Exawind / amr-wind

AMReX-based structured wind solver
https://exawind.github.io/amr-wind
Other
106 stars 83 forks source link

OpenFAST chkp corrupted on frontier #984

Closed marchdf closed 6 months ago

marchdf commented 7 months ago

OpenFAST checkpoint files aren't closed properly. This is an issue on any machine we use but only results in corrupted chkp files on Frontier (that we've seen so far).

The reason for this is that OpenFAST assumes turbine ID numbering with fortran numbering (starting at 1) but we interface to the library using C numbering (starting at 0). So the following check (here):

IF (Turbine%TurbID == NumTurbines .OR. .NOT. PRESENT(Unit)) THEN
      CLOSE(unOut)
      unOut = -1
   END IF

never gets hit and the chkp file never gets closed.

The fix I am thinking about right now is to send a "fortran id" to OpenFAST from amr-wind. But this causes a segfault somewhere else. Still need to track that down.

@psakievich I am not sure how/if this affects the way Nalu-Wind interfaces with OpenFAST as well.

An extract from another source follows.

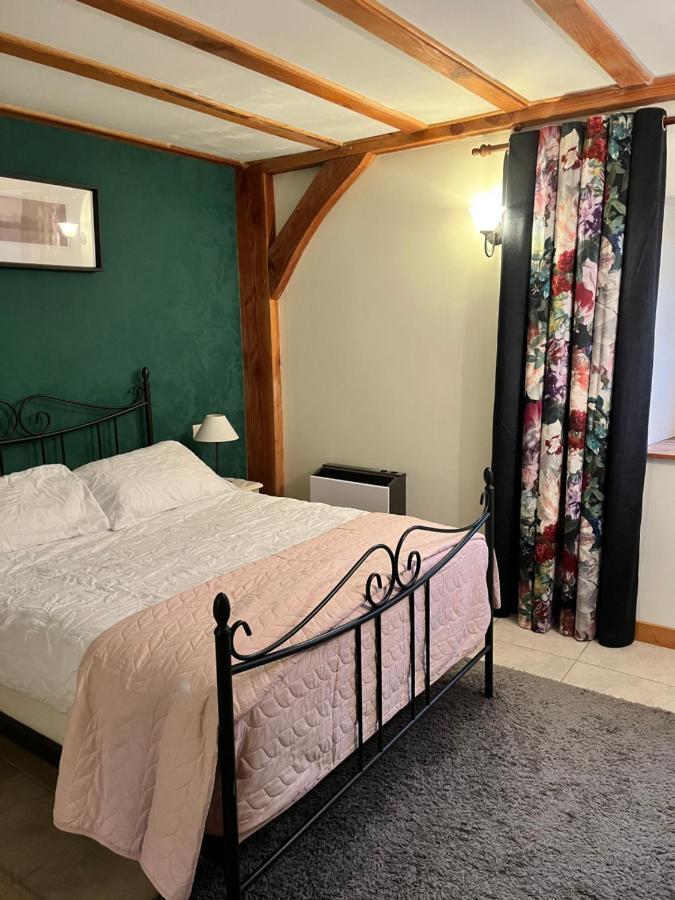 Chez Jallot - Lower Gite Vidaillat Kültér fotó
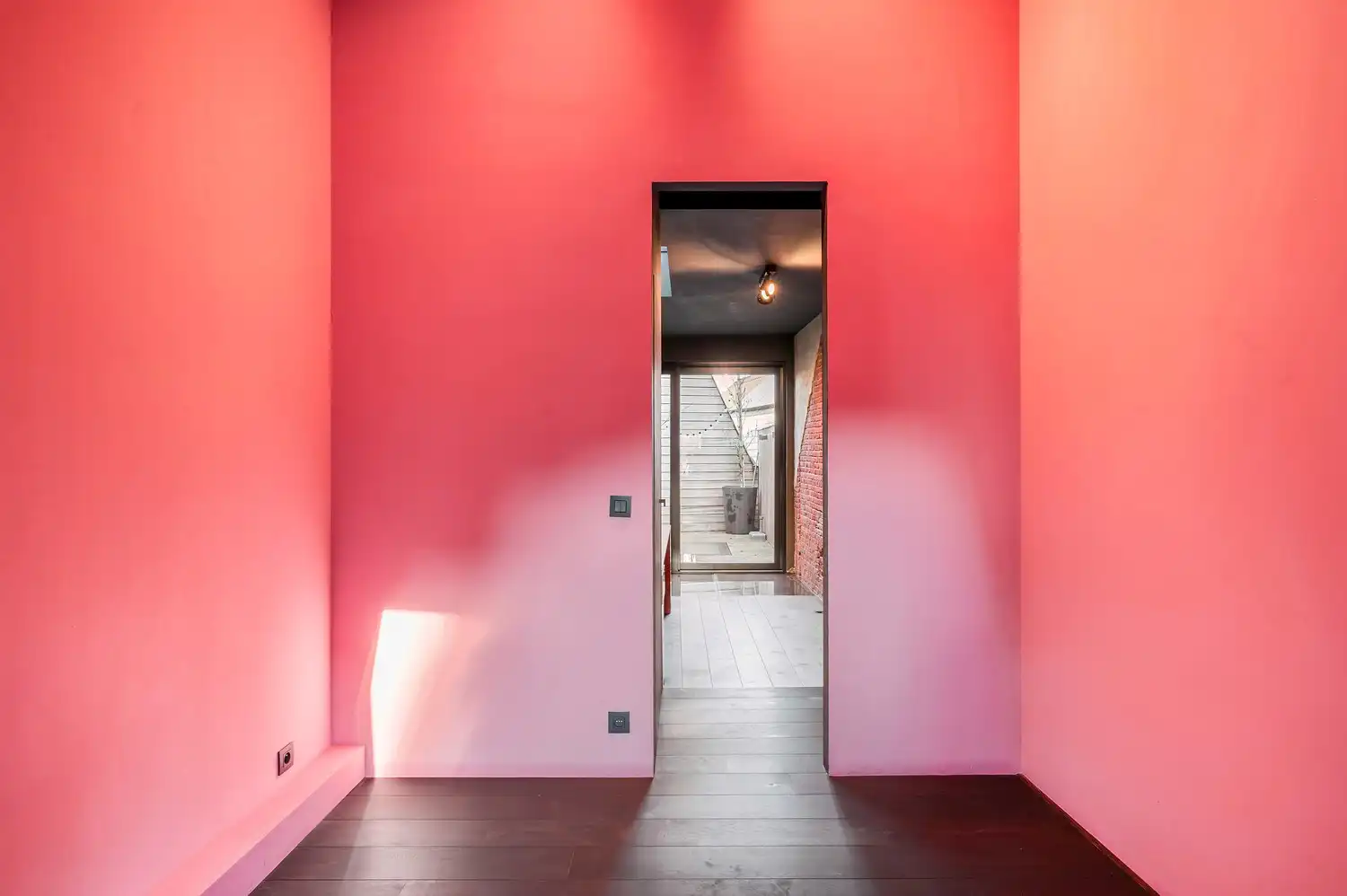 Karaktervolle erfgoedwoning op topligging tegenover de Sint-Gummaruskerk. foto 25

psakievich commented 7 months ago

In nalu-wind we rely on the openfast-cpp interface which also loops over indices starting at 0: https://github.com/OpenFAST/openfast/blob/4b6337fcffe859c5eeb5445deeef2046439e5152/glue-codes/openfast-cpp/src/OpenFAST.cpp#L58-L78

We'll have to dig deeper into openfast to see if this offset is handled inside the openfoam data structures. @gantech do you know off hand?

marchdf commented 7 months ago

Yeah that's interesting. Can you throw a print statement in that if condition I mentioned and see if it ever hits that close call? I am worried this isn't being handled right with the nalu-wind code path as well.

psakievich commented 7 months ago

I'm not in a position to test this at the moment. I can put it on my backlog though. This would be more of an openfast core issue than a nalu-wind issue.

lawrenceccheung commented 7 months ago

I tried a naive approach to get rid of the off-by-1 error. Basically I replaced this line https://github.com/Exawind/amr-wind/blob/d4dd236b4c00d20ac024003433ce0036a179914a/amr-wind/wind_energy/actuator/turbine/fast/FastIface.cpp#L167 with

        auto my_tid_local = fi.tid_local+1;
        fast_func(FAST_CreateCheckpoint, &my_tid_local, rst_file);

However that also resulted in segfaults when writing out the chkp files. So in the end I just commented out the if else check in https://github.com/OpenFAST/openfast/blob/4b6337fcffe859c5eeb5445deeef2046439e5152/modules/openfast-library/src/FAST_Subs.f90#L7090 that @marchdf mentioned above.

Lawrence

marchdf commented 7 months ago

Yeah that's not the right fix. Turns out this is a bit messed up. You need to increment global_id by one to pass in. That sets the TurbId, which would then fix the chkp close check. The problem is that, on initialize, that argument doesn't get passed around correctly: the call site of FAST_InitializeAll_T and the argument list don't match:

The definition of the function: https://github.com/OpenFAST/openfast/blob/main/modules/openfast-library/src/FAST_Subs.f90#L37 has TurbId as it's second parameter. So that's fine. Except that

The call site: https://github.com/OpenFAST/openfast/blob/main/modules/openfast-library/src/FAST_Library.f90#L144: passes in iTurb to that argument and not TurbId.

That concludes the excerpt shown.